=== Extracted data ===

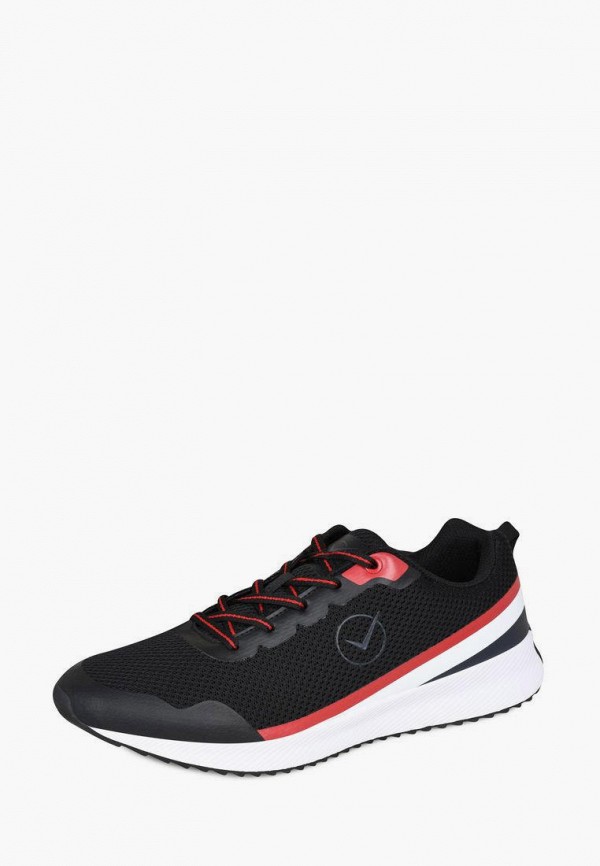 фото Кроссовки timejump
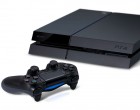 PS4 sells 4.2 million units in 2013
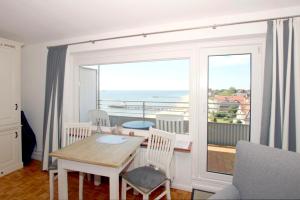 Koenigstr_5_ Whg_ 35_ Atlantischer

===
=== Extracted data ===

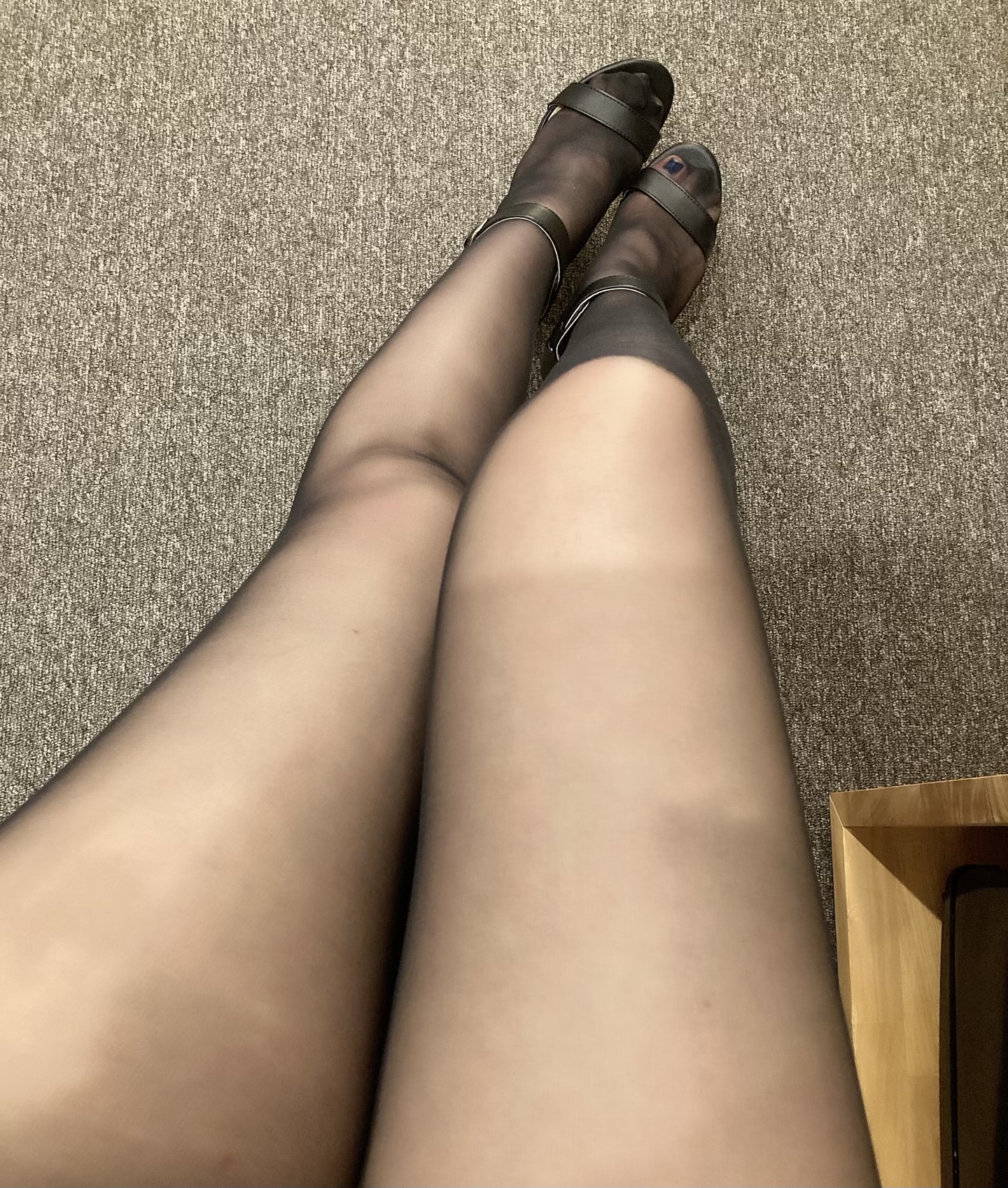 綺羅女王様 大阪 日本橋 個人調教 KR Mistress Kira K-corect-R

===

## Problem to work on
Your answer must be the lines above from the one holding "фото Кроссовки timejump" up to and including the one holding "Koenigstr_5_ Whg_ 35_ Atlantischer", exact and with no pictures.

## Answer to this task
 фото Кроссовки timejump
 PS4 sells 4.2 million units in 2013
 Koenigstr_5_ Whg_ 35_ Atlantischer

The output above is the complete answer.